Separating out by Intensity again reveals that lower intensities have a stronger relationship. Though the relationship between Just Value and Accessibility is weaker than then Land Value, likely due to more developed areas haveing more buildings and therefor higher Just Values.

## Correlation for intensity 0 is 0.322 and is statistically significant with a p value of 0 
## Correlation for intensity 1 is 0.242 and is statistically significant with a p value of 0 
## Correlation for intensity 2 is 0.193 and is statistically significant with a p value of 0 
## Correlation for intensity 3 is 0.284 and is statistically significant with a p value of 0 
## Correlation for intensity 4 is 0.276 and is statistically significant with a p value of 0 
## Correlation for intensity 5 is 0.281 and is statistically significant with a p value of 0

Per Acre

As before normalizing by acre offers modest improvements to the relationship, but continues to suggested a curvilinear or logarithmic relationship rather than a purely linear relation

## The overall correlation is 0.371 and is statistically significant with a p value of 0

The land use patterns are comparable to before, multifamily and other are the strongest and office and retail are the weakest.

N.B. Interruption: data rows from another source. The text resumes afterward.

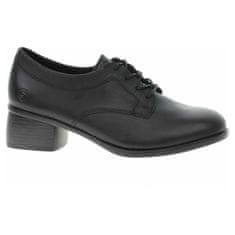 Remonte Cipők fekete 44 EU R880300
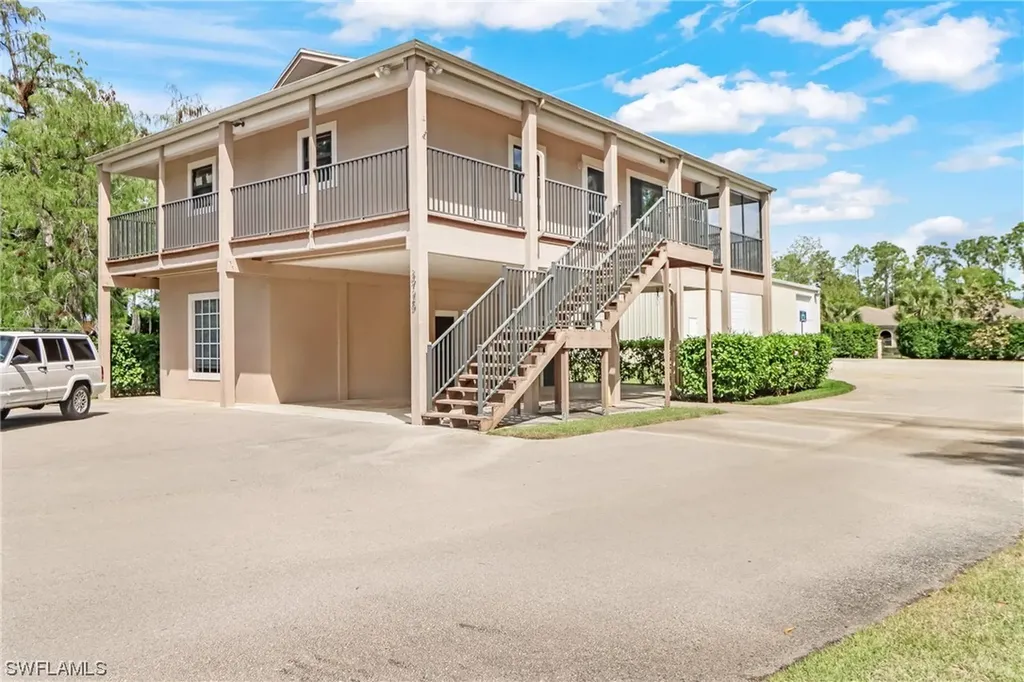 3725 31st Avenue SW Naples FL 34117
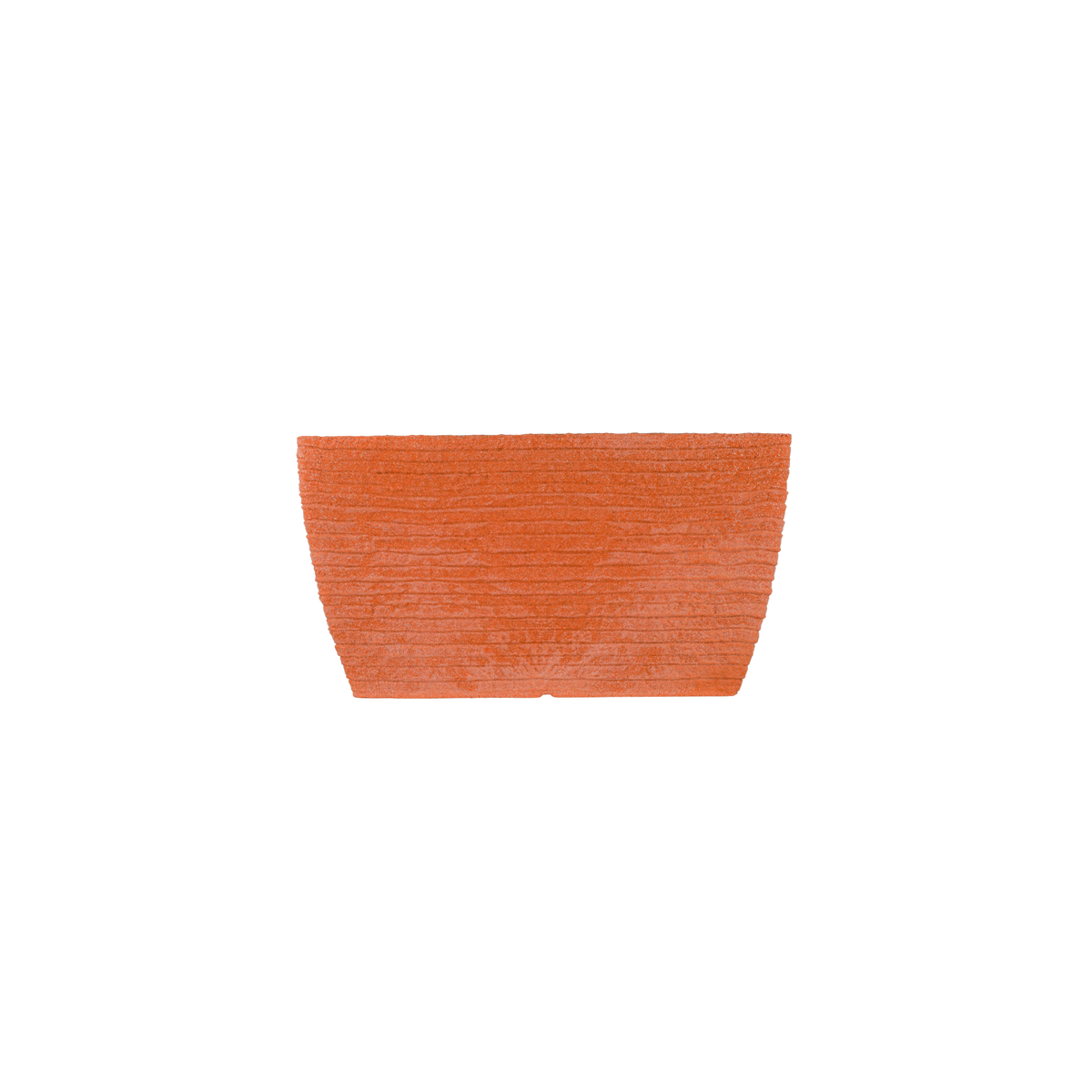 KALİNA 190 Saksı 60 Litre Bostann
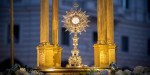 Corpus Domini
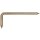KS-TOOLS BRONZEplus Winkeldorn, Ø20 mm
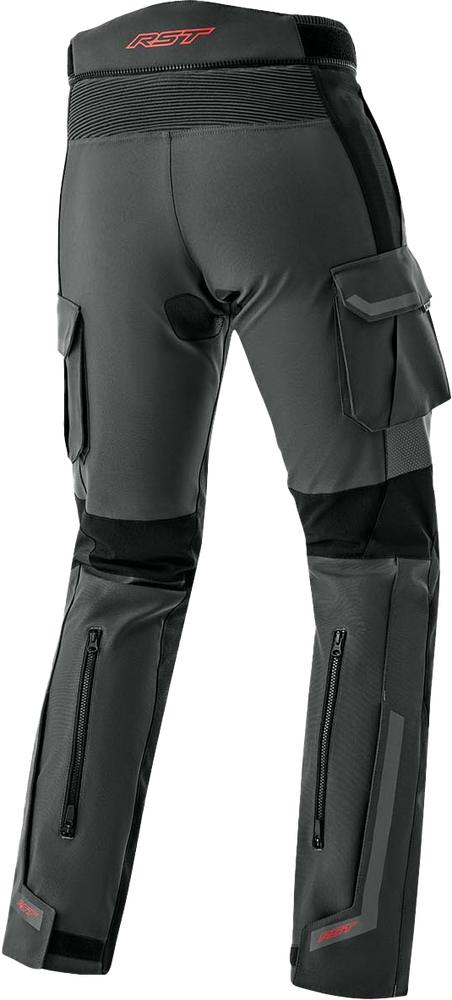 RST PS Adventure D30 Pants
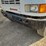 1991-international-4700-image-30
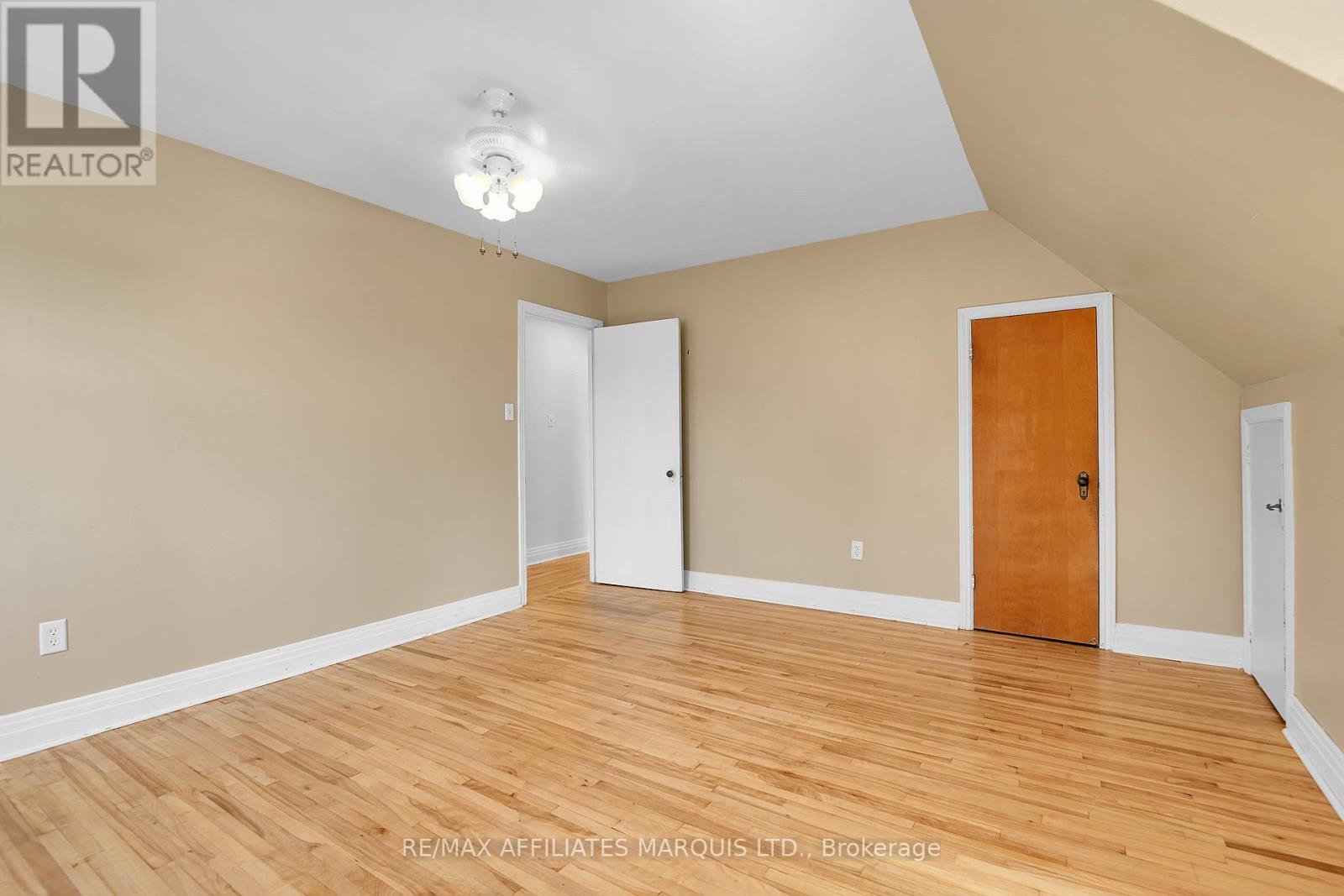 547 Fifth Street E, Cornwall, Ontario  K6H 2M6 - Photo 12 - X12344507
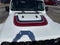 2026 Jeep Wrangler WRANGLER 4-DOOR AMERICA250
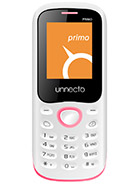 Best available price of Unnecto Primo in Senegal
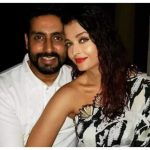 Aishwarya Rai once talked about her 'ideal man' before marrying Abhishek Bachchan: 'He should be madly in love with me...' |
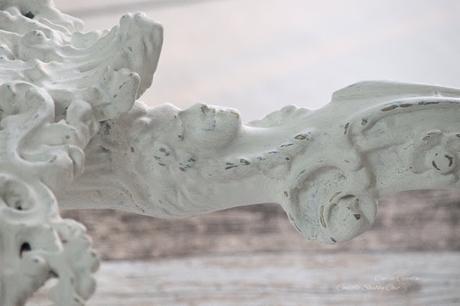 consolle shabby shabby consolle barocco veneziano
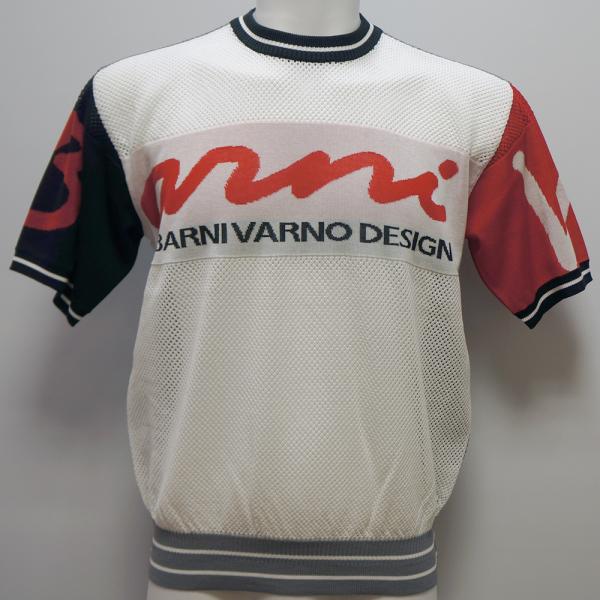 楽天市場】バーニヴァーノ サマーセーターの通販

## Correlation for Commercial/Retail is 0.213 
## Correlation for Industrial/Manufacturing is 0.268 
## Correlation for Multifamily is 0.473 
## Correlation for Office is -0.067 
## Correlation for Other is 0.415 
## Correlation for Single-family is 0.314 
## Correlation for Vacant/Undeveloped is 0.485

Separating out by Place Type does not seem to meaningfully change the relationship.

## Correlation for Commercial is -0.168 and is statistically significant with a p value of 0 
## Correlation for Residential is 0.353 and is statistically significant with a p value of 0 
## Correlation for Mixed is 0.232 and is statistically significant with a p value of 0 
## Correlation for High Mixed is 0.28 and is statistically significant with a p value of 0 
## Correlation for Office/Institution is 0.286 and is statistically significant with a p value of 0 
## Correlation for Industrial is 0.23 and is statistically significant with a p value of 0 
## Correlation for Rural is 0.369 and is statistically significant with a p value of 0 
## Correlation for Developed OS is 0.187 and is statistically significant with a p value of 0

Separating out by Intensity reveals the same pattern as before, though stronger than the non normalized just value relationship.

## Correlation for intensity 0 is 0.536 and is statistically significant with a p value of 0 
## Correlation for intensity 1 is 0.331 and is statistically significant with a p value of 0 
## Correlation for intensity 2 is 0.311 and is statistically significant with a p value of 0 
## Correlation for intensity 3 is 0.333 and is statistically significant with a p value of 0 
## Correlation for intensity 4 is 0.316 and is statistically significant with a p value of 0 
## Correlation for intensity 5 is 0.283 and is statistically significant with a p value of 0

Conclusion

Its obvious there is a relationship between Suitability and a parcels value, especially land value which had stronger relationships overall. However this relationship is not purely linear and is likely curvilinear or logarithmic in nature. This suggested Suitability would be a strong predictor of value in a model though that model would need to be a non-linear model.

It is possible that there is an underlying spatial component to the relationship that is unaccounted for in this analysis. Adding in a context classification could be a worthwhile exercise. Its possible that urban and rural areas have differing relationships between suitability and value.